#### How to complete this task:
Leaving out the images, please reproduce each line below exactly.

#### Information shown:
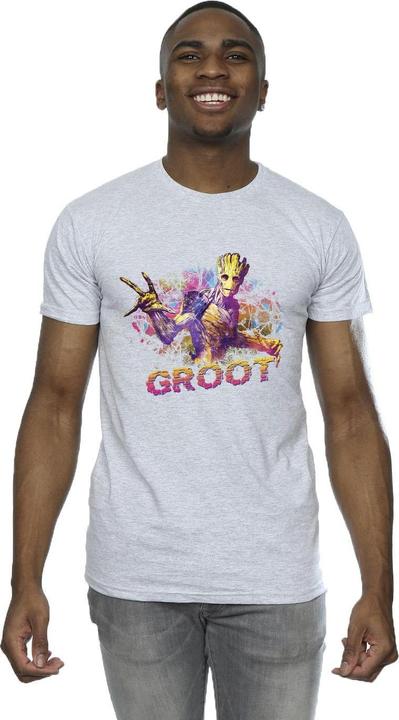 Produktbild Guardians Of The Galaxy Abstract Groot TShirt (5XL)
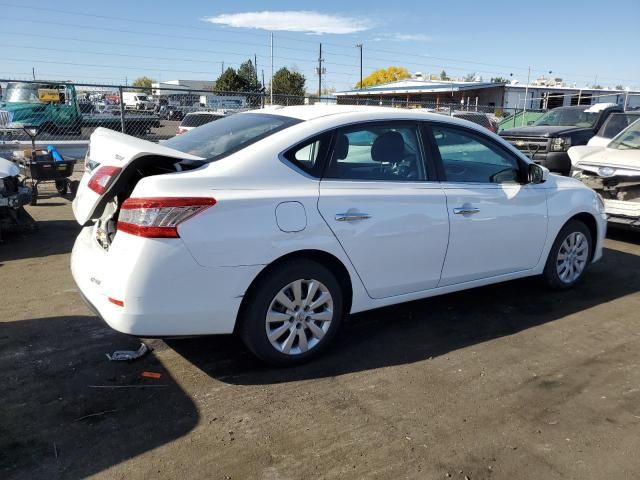 2015 Nissan Sentra S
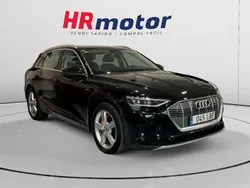 Negro Usado 2019 Audi e-tron Advanced SUV | 31.850 € (Un poco caro)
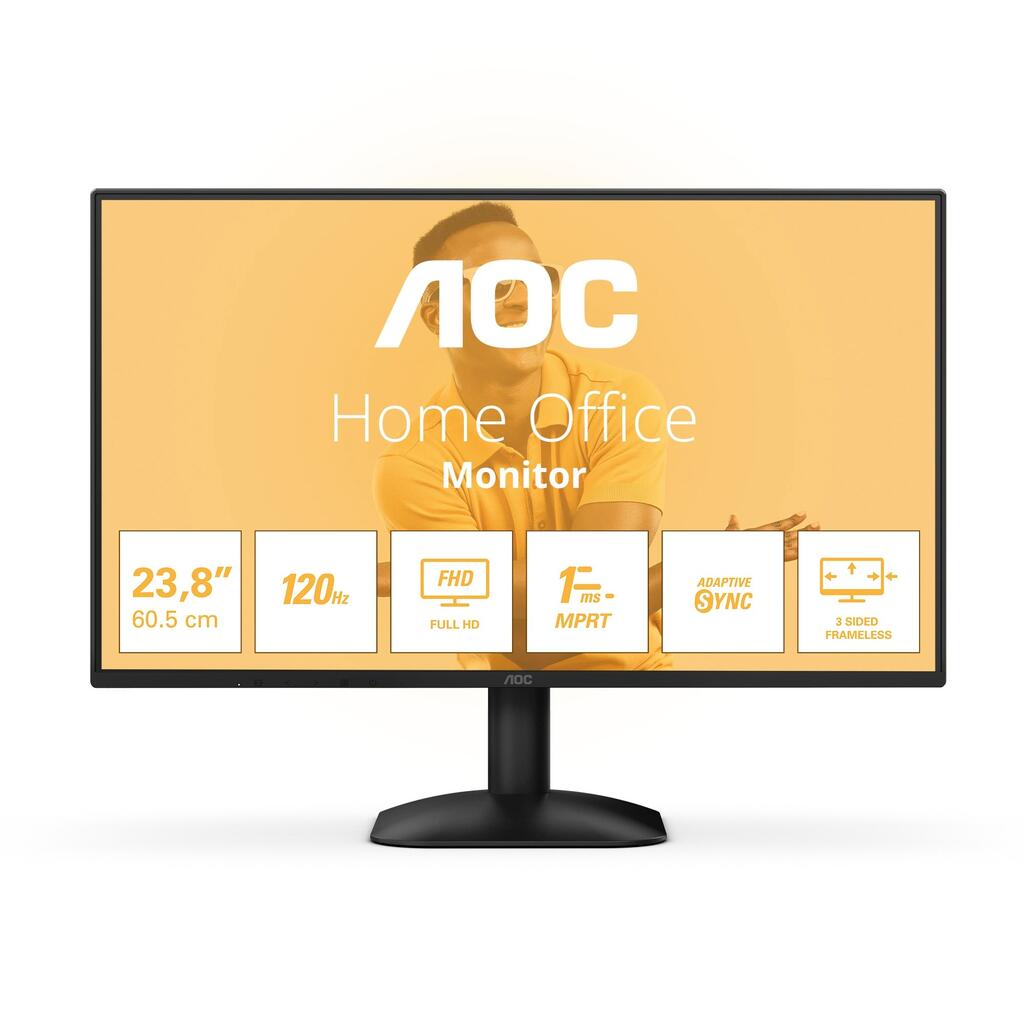 AOC LED IPS 23,8" 24B31H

#### Answer:
 Produktbild Guardians Of The Galaxy Abstract Groot TShirt (5XL)
 2015 Nissan Sentra S
 Negro Usado 2019 Audi e-tron Advanced SUV | 31.850 € (Un poco caro)
 AOC LED IPS 23,8" 24B31H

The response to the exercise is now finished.